OmniParser and Ferret-UI: New Tools for AI Understanding of User Interfaces
30/10/2024 16:15:17
Microsoft and Apple recently released tools on Hugging Face that address UI understanding for AI systems. Both focus on converting screenshots of user interfaces into structured data that AI can understand and use. These tools aim to improve how AI systems work with computer screens and apps, with potential applications in tasks like automated UI testing and process automation.
Microsoft's OmniParser combines two existing models to process UI screenshots. It uses YOLOv8 to detect interactive elements like buttons and fields on the screen. Then it applies BLIP-2 to generate descriptions of what these elements do. This processed information helps other AI models like GPT-4V better understand what they're looking at and how to interact with it.
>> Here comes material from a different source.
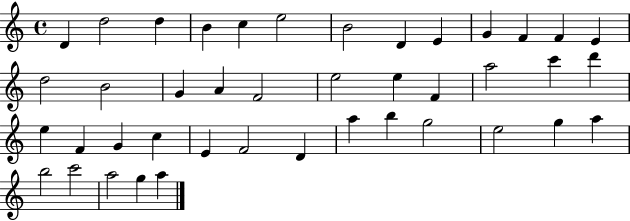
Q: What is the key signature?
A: C major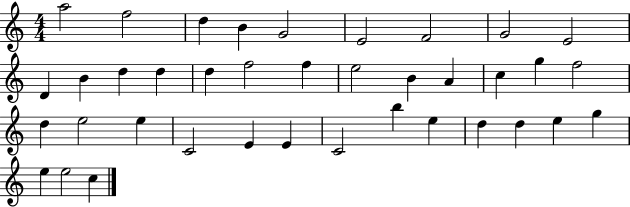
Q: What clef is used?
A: treble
Apple's Ferret-UI takes a different approach. Instead of preprocessing screenshots for other AI models, it's a specialized language model that directly understands UIs. Apple released two versions: one based on Gemma-2B and another on LLaMA-8B. The model can look at a screenshot and understand what different UI elements are and how they work without additional processing steps.
These tools are particularly relevant for developers and companies working on UI automation, testing, and AI assistants. OmniParser can be integrated into existing systems that use models like GPT-4V, while Ferret-UI can be used as a standalone solution. Both are available on Hugging Face with complete code and documentation.